To summarize, Sally Beauty Holdings performed very well in the first quarter. We achieved record results across the business and continued our efforts to lower our cost of capital.

Now, Mark will provide more financial detail for the first quarter. Mark?

Mark Flaherty

Thanks Gary. Consolidated net sales for the first quarter were $864.8 million, an increase of 9%. This increase was primarily driven by 7.1% growth in same-store sales and 2.1% in new store growth.

Consolidated gross profit was $421.9 million or 48.8% of sales, a 100 basis point improvement from the fiscal 2011 first quarter.
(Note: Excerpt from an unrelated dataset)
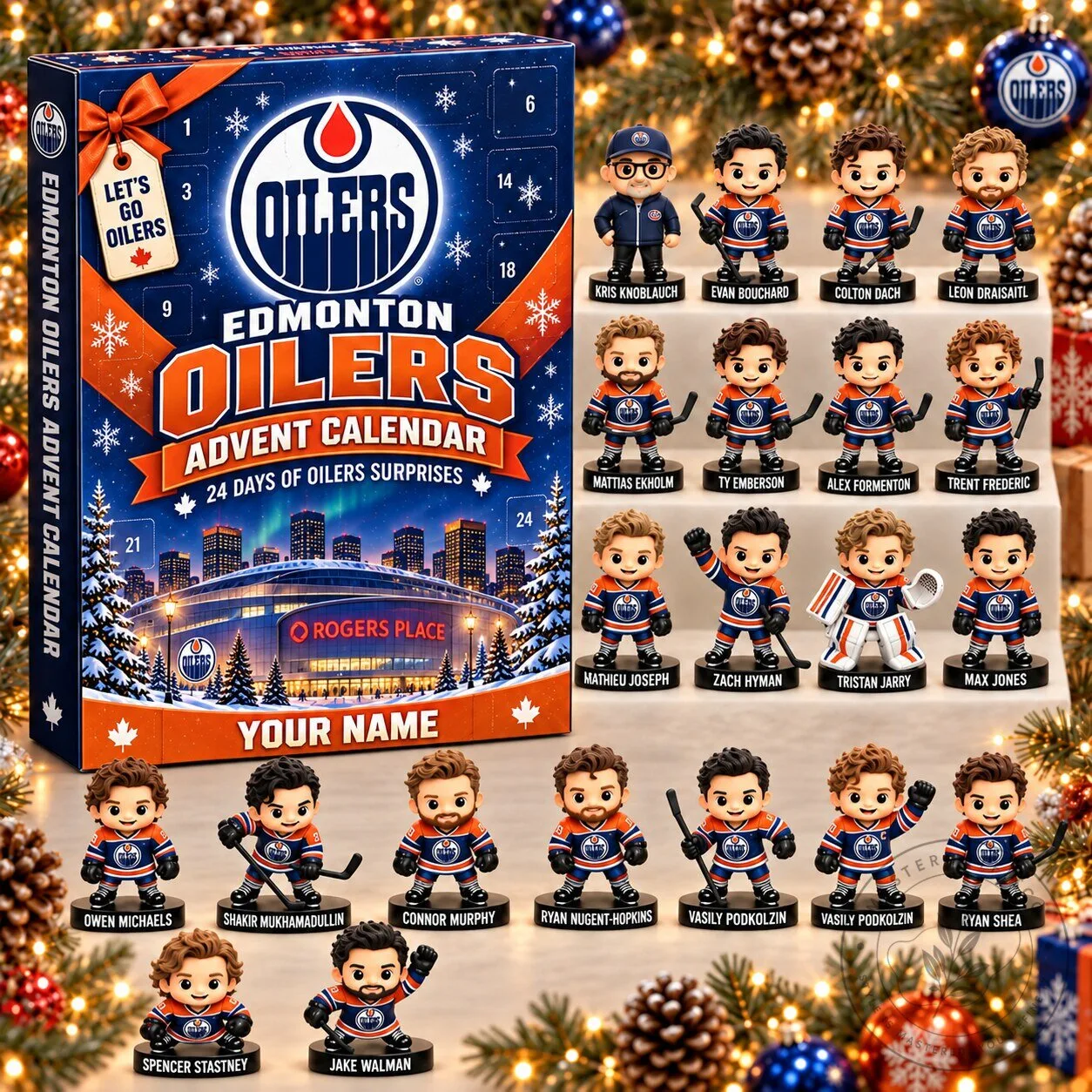Edmonton Oilers NHL 24 Days of Surprises Advent Calendar with Mini Figurines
First quarter SG&A expenses were $293 million and represented 33.9% of sales, a 50 basis point improvement from the 2011 first quarter.

Unallocated corporate expenses including share-based compensation were $31.1 million or 3.6% of sales versus the fiscal 2011 first quarter expenses of $26.3 million and 3.3% of sales. For the fiscal year 2012, unallocated corporate expenses, including approximately $18 million in share-based compensation are expected to be in the range of $105 million to $110 million.

Consolidated operating earnings in the first quarter increased 22.6% to reach $113.3 million. Operating margin was up 150 basis points to 13.1%.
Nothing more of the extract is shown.